> YOUR GOAL
Write out, word for word, the first line of the data below and every line after it through the one containing "15 Best Images".

> SUPPLIED RECORDS
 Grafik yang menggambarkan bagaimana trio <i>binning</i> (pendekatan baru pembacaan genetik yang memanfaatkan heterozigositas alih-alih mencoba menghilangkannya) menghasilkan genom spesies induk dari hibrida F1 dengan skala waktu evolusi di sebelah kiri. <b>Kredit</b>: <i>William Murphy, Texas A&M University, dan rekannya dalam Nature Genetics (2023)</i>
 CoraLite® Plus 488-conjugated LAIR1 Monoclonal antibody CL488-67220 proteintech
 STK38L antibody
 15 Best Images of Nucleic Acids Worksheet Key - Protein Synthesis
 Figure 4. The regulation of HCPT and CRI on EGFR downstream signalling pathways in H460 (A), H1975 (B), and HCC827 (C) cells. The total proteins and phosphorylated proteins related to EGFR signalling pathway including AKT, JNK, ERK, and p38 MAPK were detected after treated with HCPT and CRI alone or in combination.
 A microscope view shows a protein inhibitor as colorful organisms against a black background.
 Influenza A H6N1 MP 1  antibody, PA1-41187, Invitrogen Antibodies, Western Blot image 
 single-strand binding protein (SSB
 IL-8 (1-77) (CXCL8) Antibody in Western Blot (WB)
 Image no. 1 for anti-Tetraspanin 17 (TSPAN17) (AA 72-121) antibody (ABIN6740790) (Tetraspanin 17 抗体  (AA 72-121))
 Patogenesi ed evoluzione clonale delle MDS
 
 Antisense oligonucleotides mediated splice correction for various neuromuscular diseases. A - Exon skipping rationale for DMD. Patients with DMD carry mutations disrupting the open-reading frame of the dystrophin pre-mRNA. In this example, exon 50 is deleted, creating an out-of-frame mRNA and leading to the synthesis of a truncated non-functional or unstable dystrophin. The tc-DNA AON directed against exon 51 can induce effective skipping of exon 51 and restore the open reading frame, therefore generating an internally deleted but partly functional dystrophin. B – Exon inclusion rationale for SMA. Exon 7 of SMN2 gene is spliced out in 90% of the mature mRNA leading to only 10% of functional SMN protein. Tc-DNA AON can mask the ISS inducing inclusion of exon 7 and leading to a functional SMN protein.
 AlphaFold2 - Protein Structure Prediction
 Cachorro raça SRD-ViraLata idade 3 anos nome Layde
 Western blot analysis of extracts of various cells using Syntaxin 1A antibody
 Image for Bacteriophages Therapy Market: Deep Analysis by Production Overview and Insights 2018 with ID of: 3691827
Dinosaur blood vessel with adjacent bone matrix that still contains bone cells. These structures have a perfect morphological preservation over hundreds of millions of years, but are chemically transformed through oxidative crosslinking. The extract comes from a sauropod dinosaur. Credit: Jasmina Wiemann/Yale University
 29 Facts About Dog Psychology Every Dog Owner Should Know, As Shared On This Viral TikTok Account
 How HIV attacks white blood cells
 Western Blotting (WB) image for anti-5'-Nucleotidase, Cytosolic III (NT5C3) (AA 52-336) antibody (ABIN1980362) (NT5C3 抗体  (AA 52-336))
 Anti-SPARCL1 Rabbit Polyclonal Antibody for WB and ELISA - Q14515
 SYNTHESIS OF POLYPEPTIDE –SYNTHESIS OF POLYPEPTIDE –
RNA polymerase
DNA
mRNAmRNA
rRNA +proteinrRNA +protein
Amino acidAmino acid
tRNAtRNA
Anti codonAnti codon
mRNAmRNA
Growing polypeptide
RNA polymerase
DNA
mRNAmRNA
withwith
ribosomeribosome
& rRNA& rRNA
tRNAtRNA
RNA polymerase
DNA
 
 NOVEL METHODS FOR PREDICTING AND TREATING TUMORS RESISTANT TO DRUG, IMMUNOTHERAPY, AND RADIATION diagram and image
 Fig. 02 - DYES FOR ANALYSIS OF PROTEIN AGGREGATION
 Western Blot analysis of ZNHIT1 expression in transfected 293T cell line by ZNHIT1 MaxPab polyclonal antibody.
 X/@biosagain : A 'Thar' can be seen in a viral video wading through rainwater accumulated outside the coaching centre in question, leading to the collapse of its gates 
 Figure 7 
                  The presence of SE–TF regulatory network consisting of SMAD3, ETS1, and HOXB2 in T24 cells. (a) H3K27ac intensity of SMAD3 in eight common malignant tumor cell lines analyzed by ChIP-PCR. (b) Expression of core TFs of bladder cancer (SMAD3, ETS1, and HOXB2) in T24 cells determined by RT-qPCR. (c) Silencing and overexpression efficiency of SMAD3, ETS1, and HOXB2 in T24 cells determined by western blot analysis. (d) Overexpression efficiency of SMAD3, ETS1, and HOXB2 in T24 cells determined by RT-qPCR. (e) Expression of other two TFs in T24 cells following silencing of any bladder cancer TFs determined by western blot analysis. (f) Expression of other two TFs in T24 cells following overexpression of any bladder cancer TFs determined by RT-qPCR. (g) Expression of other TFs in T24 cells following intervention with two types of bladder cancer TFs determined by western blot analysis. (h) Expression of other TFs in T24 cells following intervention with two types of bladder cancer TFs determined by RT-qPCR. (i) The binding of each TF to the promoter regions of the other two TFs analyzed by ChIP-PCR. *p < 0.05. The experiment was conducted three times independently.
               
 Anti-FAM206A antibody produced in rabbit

> SOLUTION FOR THIS PROBLEM
 Grafik yang menggambarkan bagaimana trio <i>binning</i> (pendekatan baru pembacaan genetik yang memanfaatkan heterozigositas alih-alih mencoba menghilangkannya) menghasilkan genom spesies induk dari hibrida F1 dengan skala waktu evolusi di sebelah kiri. <b>Kredit</b>: <i>William Murphy, Texas A&M University, dan rekannya dalam Nature Genetics (2023)</i>
 CoraLite® Plus 488-conjugated LAIR1 Monoclonal antibody CL488-67220 proteintech
 STK38L antibody
 15 Best Images of Nucleic Acids Worksheet Key - Protein Synthesis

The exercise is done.